ACTION ITEM » Restate word for word the lines of the material below, from the line with "STUDIO MEUBLE - RESIDENCE" to the line with "Louis Vuitton портфеил", both lines included, and no others.

══ PROVIDED RECORDS

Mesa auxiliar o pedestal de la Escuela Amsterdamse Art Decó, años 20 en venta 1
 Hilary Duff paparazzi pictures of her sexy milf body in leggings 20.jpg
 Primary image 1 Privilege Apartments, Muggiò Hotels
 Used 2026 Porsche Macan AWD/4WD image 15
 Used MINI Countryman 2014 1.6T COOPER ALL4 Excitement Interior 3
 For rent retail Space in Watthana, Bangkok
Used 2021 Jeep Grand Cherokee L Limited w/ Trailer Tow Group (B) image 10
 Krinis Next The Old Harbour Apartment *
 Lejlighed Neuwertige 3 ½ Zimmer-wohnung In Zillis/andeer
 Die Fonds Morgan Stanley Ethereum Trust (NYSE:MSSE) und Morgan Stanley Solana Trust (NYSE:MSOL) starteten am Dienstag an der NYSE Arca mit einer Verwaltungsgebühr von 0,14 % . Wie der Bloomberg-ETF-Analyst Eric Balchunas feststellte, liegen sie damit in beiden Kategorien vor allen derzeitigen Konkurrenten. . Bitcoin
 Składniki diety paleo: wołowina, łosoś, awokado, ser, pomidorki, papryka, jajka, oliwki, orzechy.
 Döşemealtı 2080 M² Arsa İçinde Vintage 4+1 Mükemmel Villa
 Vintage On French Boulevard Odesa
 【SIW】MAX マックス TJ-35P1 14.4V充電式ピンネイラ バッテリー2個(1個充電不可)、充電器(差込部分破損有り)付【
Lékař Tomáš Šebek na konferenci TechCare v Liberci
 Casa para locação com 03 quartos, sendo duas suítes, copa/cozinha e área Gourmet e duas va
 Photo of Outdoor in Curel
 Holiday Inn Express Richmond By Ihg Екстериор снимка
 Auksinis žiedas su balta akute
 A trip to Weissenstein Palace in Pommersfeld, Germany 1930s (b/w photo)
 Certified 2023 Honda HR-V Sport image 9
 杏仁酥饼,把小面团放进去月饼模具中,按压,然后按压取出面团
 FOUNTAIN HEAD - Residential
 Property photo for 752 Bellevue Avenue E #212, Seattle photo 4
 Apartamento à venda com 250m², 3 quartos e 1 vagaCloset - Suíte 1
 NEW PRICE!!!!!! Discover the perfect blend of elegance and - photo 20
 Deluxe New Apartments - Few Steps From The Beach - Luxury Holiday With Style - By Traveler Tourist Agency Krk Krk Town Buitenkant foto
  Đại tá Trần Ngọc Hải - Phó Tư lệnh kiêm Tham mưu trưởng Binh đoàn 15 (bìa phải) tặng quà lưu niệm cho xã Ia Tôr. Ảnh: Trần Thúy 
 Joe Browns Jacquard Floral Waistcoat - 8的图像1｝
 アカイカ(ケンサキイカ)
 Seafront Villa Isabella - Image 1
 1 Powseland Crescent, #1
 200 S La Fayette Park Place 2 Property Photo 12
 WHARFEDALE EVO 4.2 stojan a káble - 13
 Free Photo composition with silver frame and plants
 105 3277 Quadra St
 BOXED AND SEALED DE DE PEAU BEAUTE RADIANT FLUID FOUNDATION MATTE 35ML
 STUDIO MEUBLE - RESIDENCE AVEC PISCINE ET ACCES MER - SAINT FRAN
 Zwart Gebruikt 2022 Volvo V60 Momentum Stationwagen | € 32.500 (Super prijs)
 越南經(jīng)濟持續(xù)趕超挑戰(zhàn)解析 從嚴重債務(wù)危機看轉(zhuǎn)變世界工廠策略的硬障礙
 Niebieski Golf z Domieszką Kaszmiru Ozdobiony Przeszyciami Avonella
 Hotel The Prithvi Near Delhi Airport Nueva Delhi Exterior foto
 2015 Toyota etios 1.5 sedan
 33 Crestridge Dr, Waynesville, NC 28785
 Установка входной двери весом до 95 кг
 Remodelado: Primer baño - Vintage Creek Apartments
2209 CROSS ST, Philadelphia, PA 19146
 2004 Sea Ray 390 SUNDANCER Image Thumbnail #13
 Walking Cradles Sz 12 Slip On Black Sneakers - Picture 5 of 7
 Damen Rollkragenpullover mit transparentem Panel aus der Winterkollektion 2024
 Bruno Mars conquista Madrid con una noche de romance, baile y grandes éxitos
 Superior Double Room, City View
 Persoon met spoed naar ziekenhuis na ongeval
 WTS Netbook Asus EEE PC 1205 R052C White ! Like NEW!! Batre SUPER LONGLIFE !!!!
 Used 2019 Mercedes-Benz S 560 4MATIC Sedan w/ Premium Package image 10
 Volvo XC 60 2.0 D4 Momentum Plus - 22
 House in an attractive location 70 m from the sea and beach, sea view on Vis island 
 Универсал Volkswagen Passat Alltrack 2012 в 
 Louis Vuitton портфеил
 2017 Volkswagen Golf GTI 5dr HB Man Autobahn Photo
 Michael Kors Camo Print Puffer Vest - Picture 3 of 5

════

ANSWER »
 STUDIO MEUBLE - RESIDENCE AVEC PISCINE ET ACCES MER - SAINT FRAN
 Zwart Gebruikt 2022 Volvo V60 Momentum Stationwagen | € 32.500 (Super prijs)
 越南經(jīng)濟持續(xù)趕超挑戰(zhàn)解析 從嚴重債務(wù)危機看轉(zhuǎn)變世界工廠策略的硬障礙
 Niebieski Golf z Domieszką Kaszmiru Ozdobiony Przeszyciami Avonella
 Hotel The Prithvi Near Delhi Airport Nueva Delhi Exterior foto
 2015 Toyota etios 1.5 sedan
 33 Crestridge Dr, Waynesville, NC 28785
 Установка входной двери весом до 95 кг
 Remodelado: Primer baño - Vintage Creek Apartments
2209 CROSS ST, Philadelphia, PA 19146
 2004 Sea Ray 390 SUNDANCER Image Thumbnail #13
 Walking Cradles Sz 12 Slip On Black Sneakers - Picture 5 of 7
 Damen Rollkragenpullover mit transparentem Panel aus der Winterkollektion 2024
 Bruno Mars conquista Madrid con una noche de romance, baile y grandes éxitos
 Superior Double Room, City View
 Persoon met spoed naar ziekenhuis na ongeval
 WTS Netbook Asus EEE PC 1205 R052C White ! Like NEW!! Batre SUPER LONGLIFE !!!!
 Used 2019 Mercedes-Benz S 560 4MATIC Sedan w/ Premium Package image 10
 Volvo XC 60 2.0 D4 Momentum Plus - 22
 House in an attractive location 70 m from the sea and beach, sea view on Vis island 
 Универсал Volkswagen Passat Alltrack 2012 в 
 Louis Vuitton портфеил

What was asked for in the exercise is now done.